Pour une citoyenneté de résidence

Quels sont les principes qui animent ces deux orientations ? Dans le premier cas, c’est clairement un principe démocratique : on vit ensemble, on est confronté aux décisions des mêmes autorités, donc on les choisit ensemble. Dans le second cas, c’est beaucoup plus flou. Quel est le sens pour moi de rester Italien alors que je vis depuis trente ans à l’étranger ? Qu’ais-je peur de perdre si je renonce à ma nationalité ? Ce n’est pas de l’ordre de la citoyenneté, puisque je ne partage en rien (ou seulement pendant les vacances, comme un touriste à peine différent des autres) le quotidien des autres Italiens. Ma nationalité m’importe parce qu’elle me relie à une histoire, celle de mes parents et au-delà, à laquelle je dois rester fidèle pour conserver ma dignité. Dans un monde de plus en plus métissé, j’ai besoin de cet enracinement qui donne de la chair à ma qualité universelle d’être humain.
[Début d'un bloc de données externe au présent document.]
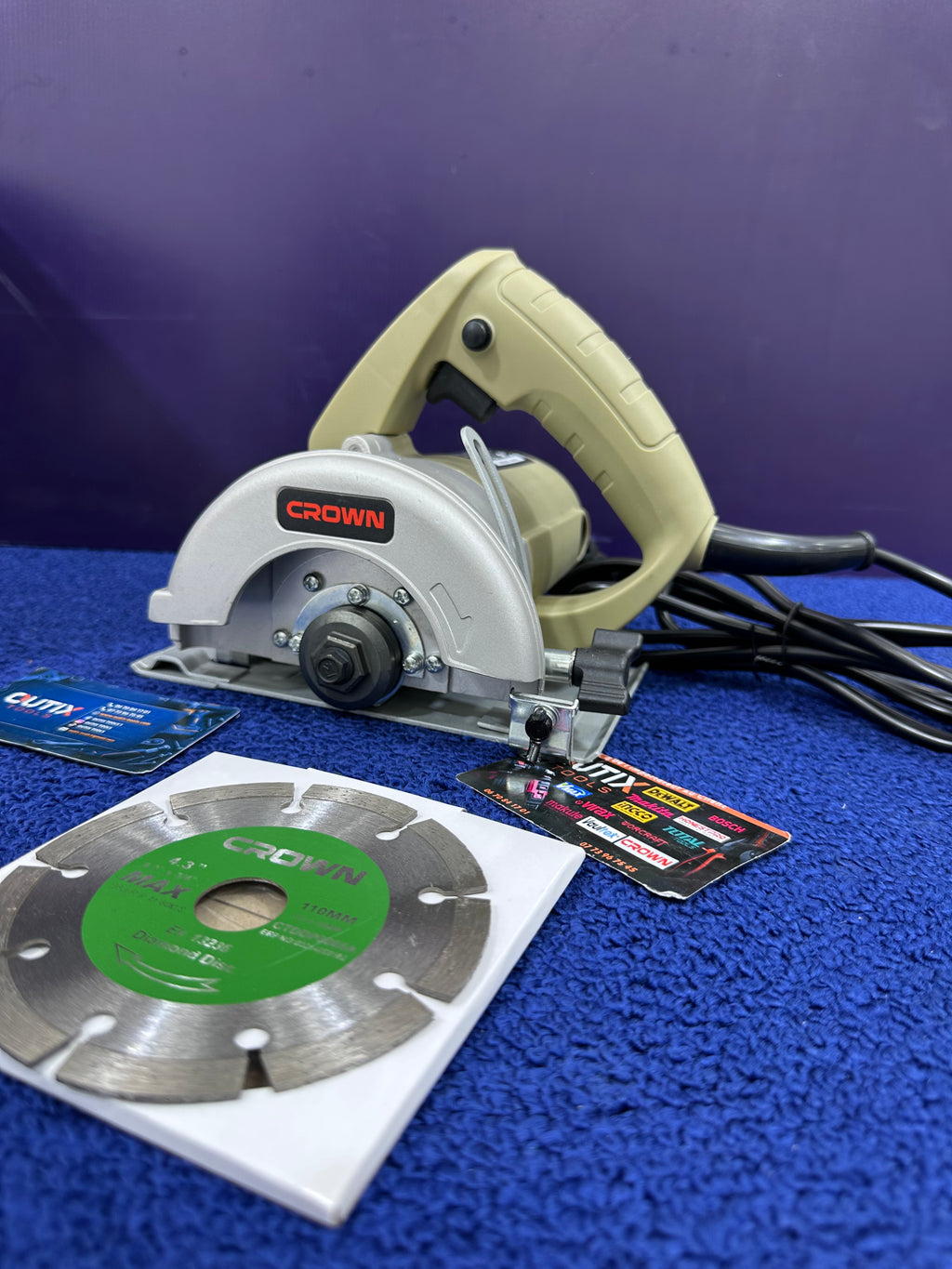 Scie marbré Crown 1200watt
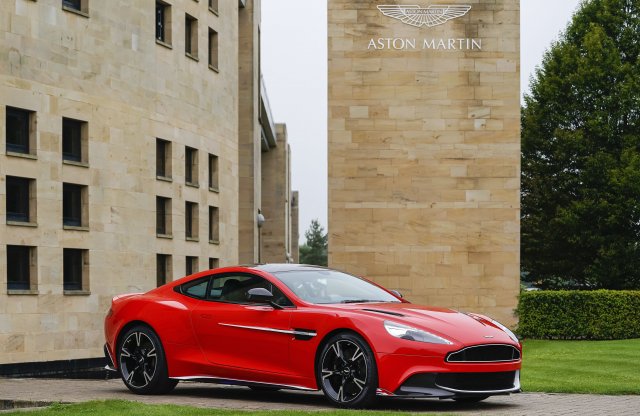 Oscar-díjas lett az Aston Martin - a luxusmárkák között!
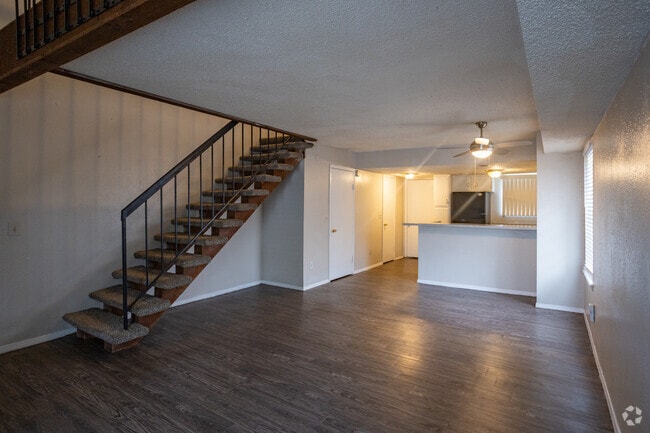 1BR, 1.5BA - 890SF
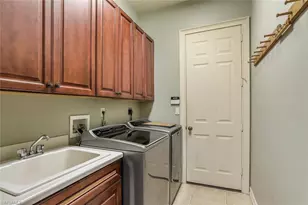 3155 Santorini Ct, Naples, FL 34119 - Photo 19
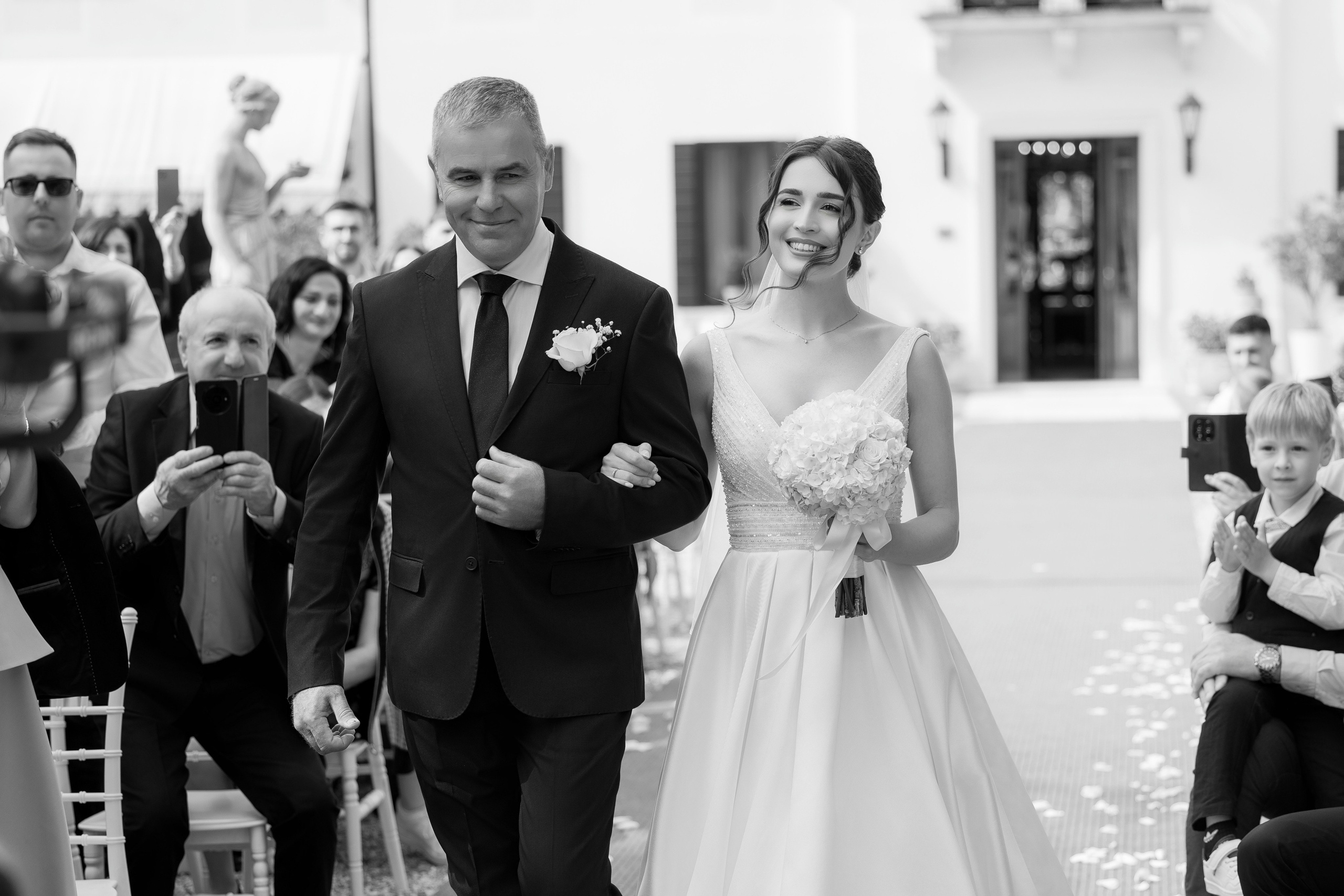 Wedding. Fotografo professionista specializzato in fotografia di matrimoni, cermonie ed eventi!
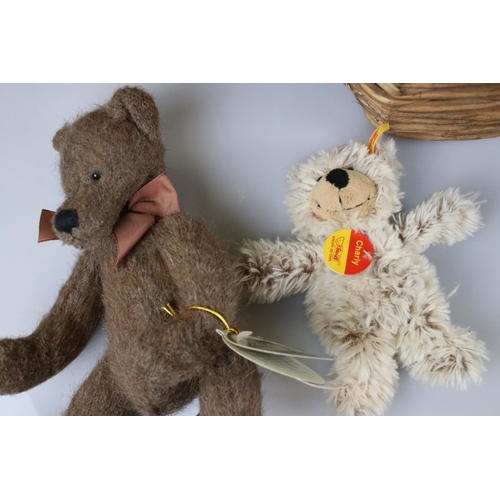 370 - A small collection of collectable teddy bears to include Steiff and Hamley's examples.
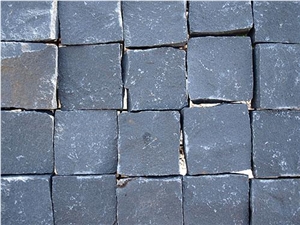 Garden, Courtyard Ground Blue Stone Paving Cobble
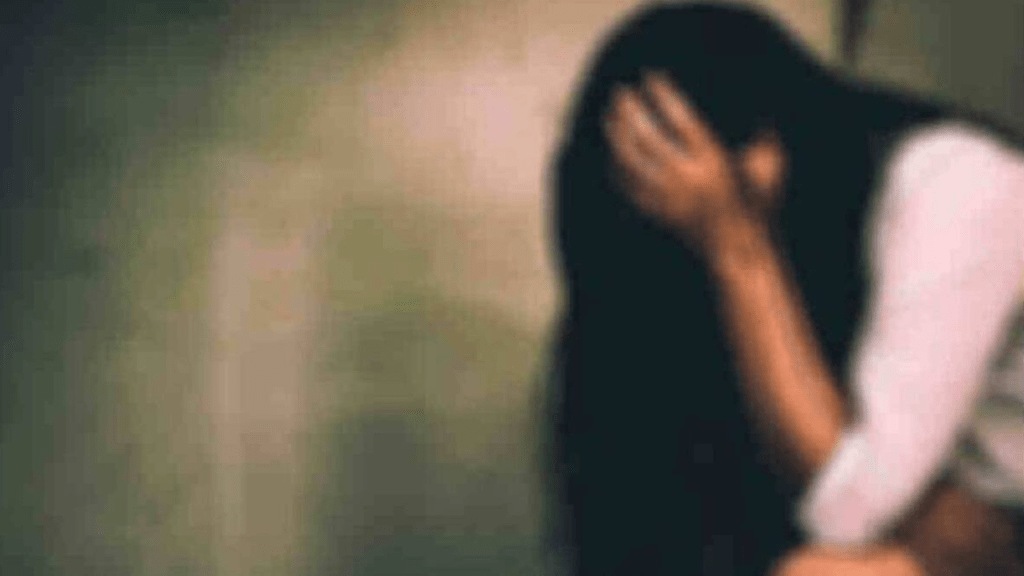 college youth threatened professor circulating pictures social media pune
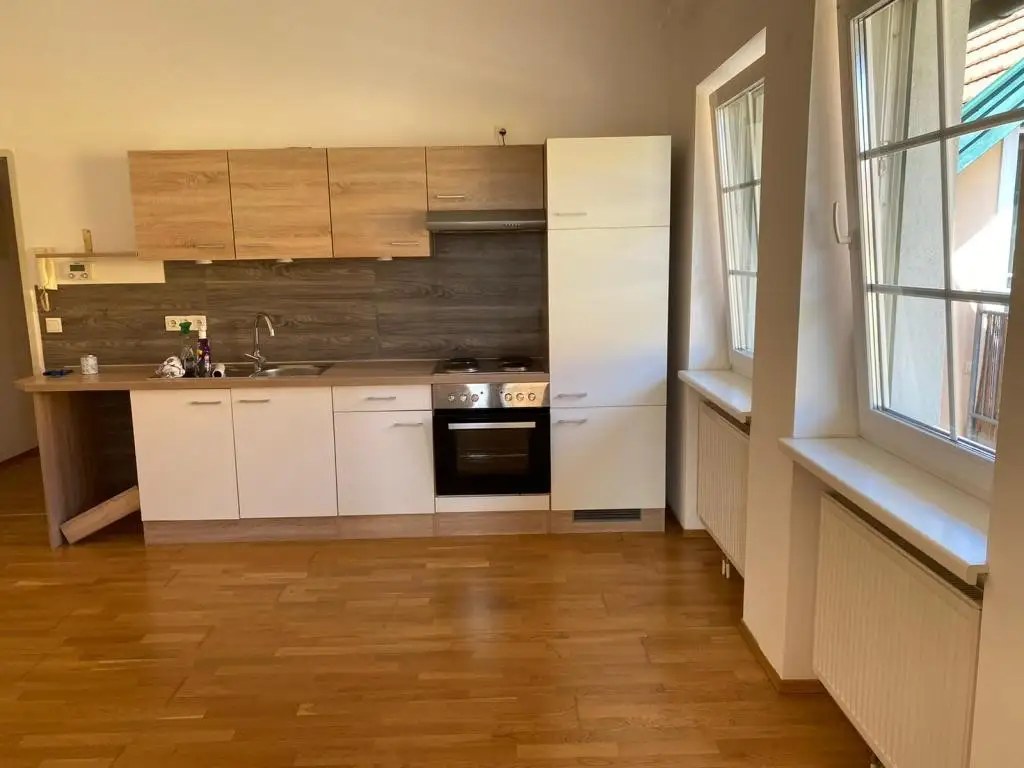 SOFORTBEZUG ,DREIZIMMERWOHNUNG MIT BALKON..! ! !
L’identité nationale et la nationalité qui en est la traduction juridique ont encore sûrement de beaux jours devant elles. Nous ne sommes pas prêts – le serons-nous jamais ? – à nous vivre comme des humains génériques désincarnés, totalement détachés de toute référence tribale, fut-elle sublimée par le football. Mais cette identité ne peut plus être aujourd’hui le vecteur principal de l’organisation démocratique. Celle-ci doit se tourner résolument vers la citoyenneté de résidence et englober progressivement tous les niveaux de décision, du local au global. Quant à la nationalité, il reste à lui trouver un contenu moderne pour matérialiser le lien qui subsistera entre les diverses diasporas et une mère patrie plus rêvée que vécue. Ce lien ne saurait faire concurrence au principe directeur de la citoyenneté de résidence. Sous peine de voir se multiplier les conflits de loyauté et les suspicions qu’ils engendrent inévitablement.


[1] Cette affirmation est dépassée depuis la révision constitutionnelle du 23 juillet 2008. Aujourd'hui, l'Assemblée nationale française compte 11 député·es représentant les Français·es de l'étranger sur base de 11 circonscriptions.

[2] En fait plutôt autour de 7 millions, dont 2,4 sont potentiellement électeurs. Leur droit constitutionnel à s'exprimer n'a finalement pas été appliqué en 2007, ni lors des scrutins qui ont suivi.